Карам рукавом утерла кровь под носом. Арджун протер глаза.
– Кто-нибудь ранен? – спросила Тавия. Карам этот вопрос, похоже, оскорбил.
– Тогда рассказывайте, – продолжила Тавия. – Я хочу знать, что явили вам ваши сожаления, чтобы мне не было настолько погано.
Карам откашлялась.
– Моего отца, – сказала она тоном, явно дававшим понять: девушка не намерена сообщать еще какие-либо подробности.
Арджун, так и лежавший на полу, отпихнул ногой мешавшего ему фокусника.
– Мою гордость.
– Ты сожалеешь, что был напыщенным болваном? – спросила Тавия.
– А ведь так серьезно рассуждал о том, что он лучше меня! – добавил Уэсли. Арджун встал, неуверенно пошатываясь.
– Будь рад тому, что мой грех – не смерть. Иначе ты не ушел бы отсюда целым.

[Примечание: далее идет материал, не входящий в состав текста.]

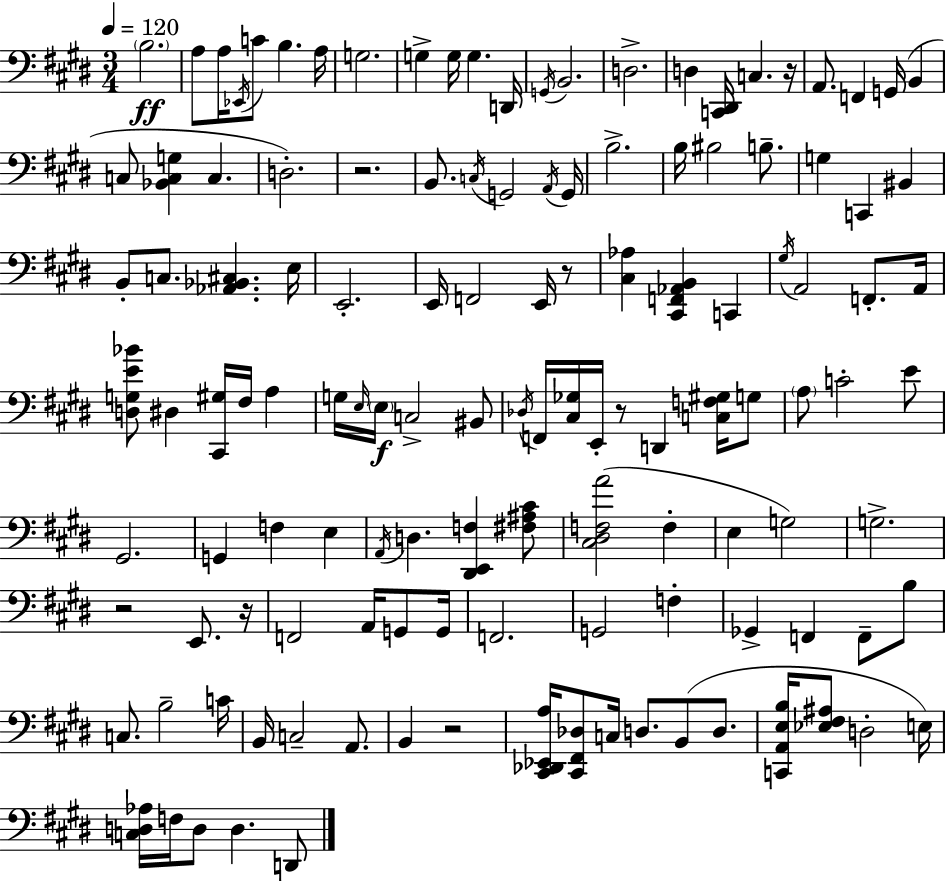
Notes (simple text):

Уэсли ухмыльнулся ему краем рта.
– Мне нравится, когда ты изображаешь передо мной настоящего мужчину.
– А ты? – спросила Тавия у Саксони. – Каково было твое сожаление?
Саксони сделала такой глубокий вдох, словно готовилась к великой битве. Уэсли не знал, как это расценивать, поскольку полагал, что битву они уже выиграли.
– Мое сожаление относилось к моей семье, – промолвила Саксони. – Я прошла через эту дверь. Мне пришлось смотреть…
Мастерица умолкла и закрыла глаза, словно ее воспоминание было слишком ужасным, чтобы выразить его словами. Карам придвинулась ближе к ней.
– Мне пришлось заново пережить день смерти моей матери и моего брата, – продолжила Саксони. – Мое сожаление заключалось в том, что я не смогла это предотвратить.
Уэсли не был с этим согласен.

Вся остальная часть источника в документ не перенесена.